Perché Israele ha attaccato senza l'appoggio americano
Tel Aviv ha lanciato un attacco militare unilaterale contro obiettivi iraniani, nonostante l’opposizione della Casa Bianca. Washington prende le distanze, ma resta allerta per eventuali ritorsioni.

Israele ha deciso di colpire adesso, con o senza il consenso degli Stati Uniti. Il governo guidato da Benjamin Netanyahu ha lanciato un attacco militare contro obiettivi in Iran, nonostante l'opposizione espressa dal presidente Donald Trump. A scriverlo è Tom Bateman, corrispondente da Washington per la BBC.
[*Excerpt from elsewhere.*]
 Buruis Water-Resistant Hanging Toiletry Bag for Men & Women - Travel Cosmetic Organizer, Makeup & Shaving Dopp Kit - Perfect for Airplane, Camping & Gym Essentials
Il presidente Trump aveva chiesto al primo ministro israeliano di attendere, lasciando spazio ai negoziati sul nucleare in corso tra Washington e Teheran. Tuttavia, le autorità israeliane hanno ritenuto che il contesto regionale offrisse un’occasione favorevole per colpire. Israele ritiene che l’Iran si trovi in una fase di particolare vulnerabilità, dopo l’indebolimento di Hezbollah in Libano nel 2024. Viene meno così un importante elemento deterrente e, secondo Netanyahu, il momento per agire era adesso, anche senza l’appoggio statunitense.
Poco dopo la diffusione delle notizie sull’attacco, il segretario di Stato Marco Rubio ha diffuso una nota stringata, in cui ha preso le distanze dall’azione di Israele, definendola “unilaterale”. “Non siamo coinvolti nei raid contro l’Iran e la nostra priorità è proteggere le forze americane nella regione”, ha dichiarato Rubio. Ha aggiunto che Israele aveva informato gli Stati Uniti ritenendo l’attacco “necessario per la propria autodifesa”.
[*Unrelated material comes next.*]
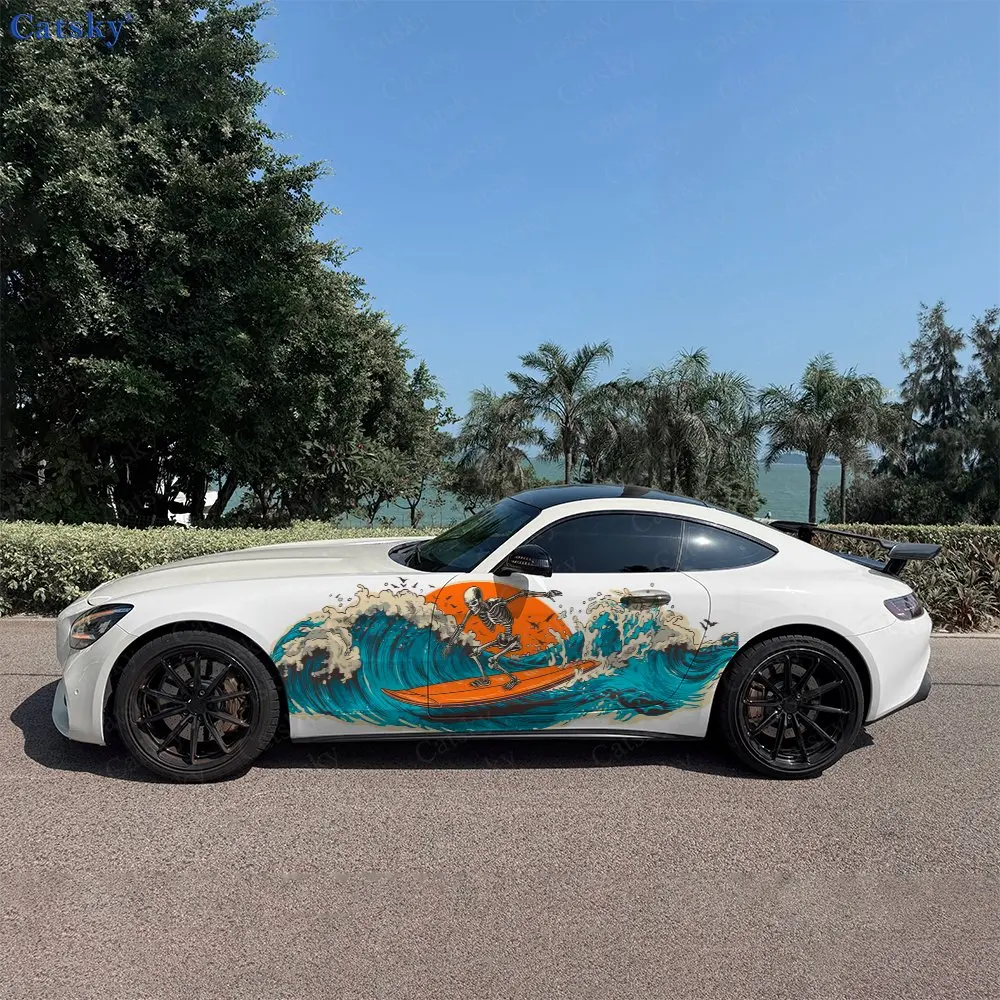 2 Stück Skateboard-Skelett Autoaufkleber Vollständige Blumendekoration Kratzerabdeckung Schutz-Autoaufkleber Wasserdichte Auto-Vinylfolien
Come spiega Bateman, la Casa Bianca sta cercando di mantenere una posizione pubblica di distacco dall’azione militare, segnalando l’intenzione di non lasciarsi coinvolgere direttamente. Una dinamica simile si era verificata nel 2024, quando Israele aveva ampliato il conflitto nella regione e gli Stati Uniti avevano cercato di contenerne gli effetti senza parteciparvi attivamente.
Nelle ore precedenti l’attacco, fonti ufficiali statunitensi avevano comunicato che non vi sarebbe stato alcun tipo di supporto americano, nemmeno per operazioni di rifornimento aereo. Questo messaggio, osserva Bateman, era indirizzato a Teheran, con l’obiettivo di dissuadere eventuali ritorsioni contro installazioni militari statunitensi in Medio Oriente.
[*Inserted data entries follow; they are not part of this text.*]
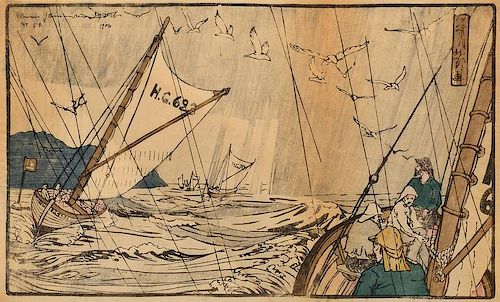 B. Nordfeldt Colored Woodcut, North Sea Fisherman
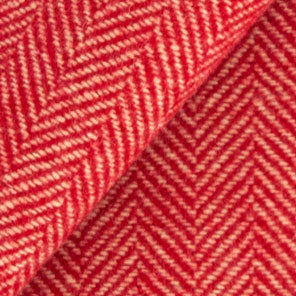 RED and White Herringbone Mill Dyed Wool Fabric for Wool Projects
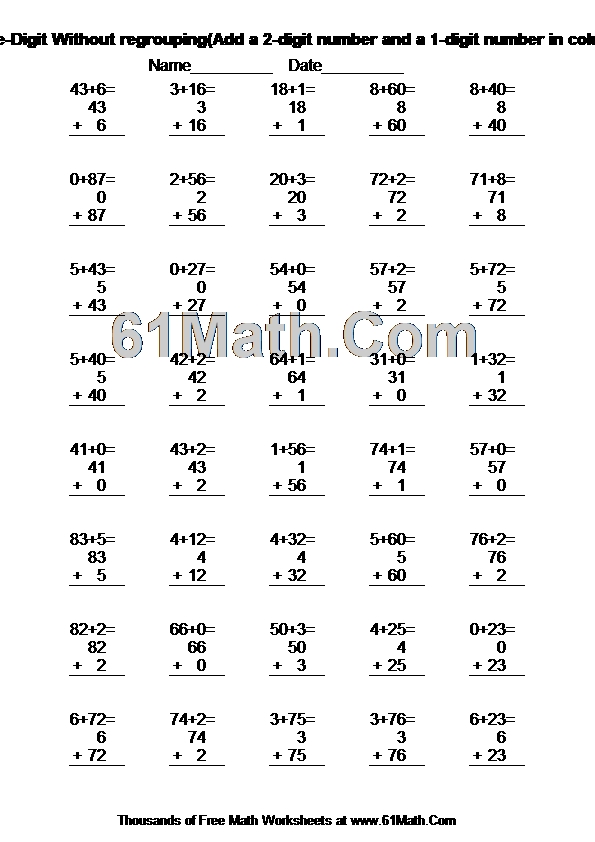 Addition: Two-Digit Plus One-Digit Without regrouping(Add a 2-digit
Non è chiaro se le dichiarazioni di Rubio riflettano una tattica per evitare rappresaglie contro le forze americane oppure se rappresentino il segnale di un effettivo deterioramento dei rapporti tra Trump e Netanyahu. È comunque significativo che il segretario di Stato non abbia menzionato alcun impegno degli Stati Uniti a sostenere Israele in caso di contrattacco iraniano, un elemento che tradizionalmente compare nei comunicati ufficiali americani in situazioni simili.
Dal canto suo, Israele ha parlato di “piena e completa coordinazione” con Washington, ma questa affermazione non ha trovato finora conferma ufficiale da parte della Casa Bianca. L’unico punto esplicito contenuto nella dichiarazione di Rubio è un avvertimento diretto all’Iran: “Sia chiaro: l’Iran non deve colpire interessi o personale degli Stati Uniti”.
Questa affermazione potrebbe contribuire indirettamente alla difesa di Israele, perché un eventuale contrattacco iraniano contro obiettivi israeliani potrebbe spingere gli Stati Uniti a intervenire. Episodi analoghi si sono già verificati nel 2024, con Washington costretta a reagire dopo attacchi indiretti contro le proprie forze. Questa volta, però, tutto sembra essersi svolto in modo più rapido e meno coordinato rispetto al passato. Non si è avuta la stessa preparazione condivisa con gli alleati che aveva preceduto le crisi regionali dello scorso anno. L’azione militare israeliana è stata decisa e attuata in tempi molto ristretti, aumentando il rischio di un’escalation incontrollata.
Le prossime ore saranno quindi decisive per comprendere se gli Stati Uniti manterranno la posizione di distacco o se saranno costretti a rivederla. Intanto, l’operazione israeliana ha già prodotto effetti significativi: sono stati colpiti siti legati al programma nucleare iraniano e alcuni comandanti militari di alto livello, tra cui Hossein Salami, capo delle Guardie Rivoluzionarie, ucciso nei raid.
In un videomessaggio, Netanyahu ha rivendicato l’operazione, battezzata Operazione Leone Ruggente, affermando che Israele ha agito per colpire le infrastrutture nucleari e militari iraniane. Le immagini provenienti da Teheran mostrano esplosioni e incendi nella notte, mentre sui mercati globali si registra già un’impennata dei prezzi del petrolio.